The respondent prosecutor apparently erred in filing an information of illegal possession of firearm separate from murder . Such act is seriously irregular for a prosecutor is duty bound to determine the proper or appropriate charge/charges to be filed against the accused. This manifest his lack of seriousness and dedication in the performance of his duties. On the other hand, the respondent prosecutor in noting "No Objection" to the motion to bail has really ignored the mandatory requirements under Rule 114 of the Rules of Court. He failed to protect the interest of the state and the complainant by disregarding the fact that judicial discretion may be abused.
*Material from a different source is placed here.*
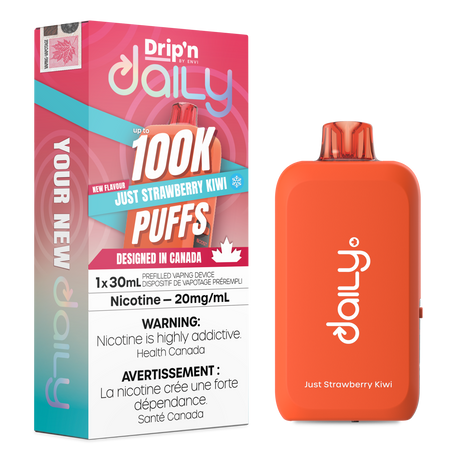 Drip’n Daily 30mL Disposable Just Strawberry Kiwi disposable vape with 100,000 puffs and dual mesh coil in Canada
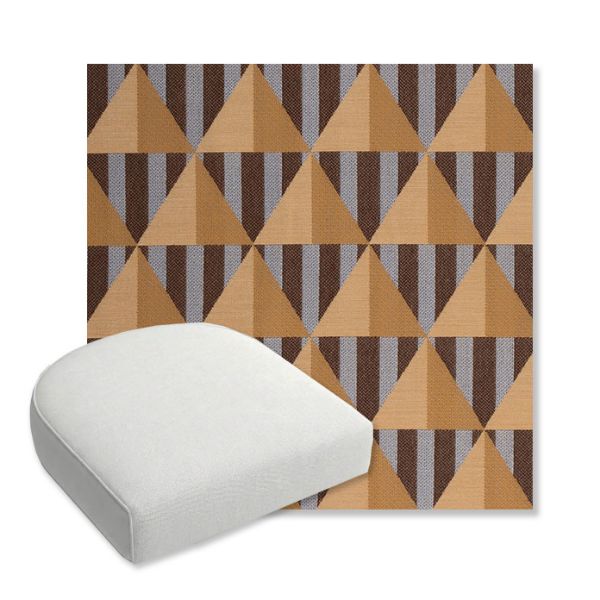 Picture of Buoy Sunset | Bullnose Contoured Wicker Chair Cushion - Sunbrella© Fabric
This has actually deprived the complainant of her right to due process. Furthermore, his act in conforming to the motion to dismiss filed by the accused Fernando Tadeo in Criminal Case No. 653 is indeed highly questionable and irregular. These things should not be countenanced.
WHEREFORE, premises considered, respondent Provincial Prosecutor Rodor S. Gayao of Abra is hereby found liable for serious irregularity and abuse of discretion and deserves the penalty of three (3) months suspension from the service.
Done in the City of Manila, this 10th day of July in the year of Our Lord, nineteen hundred and ninety three.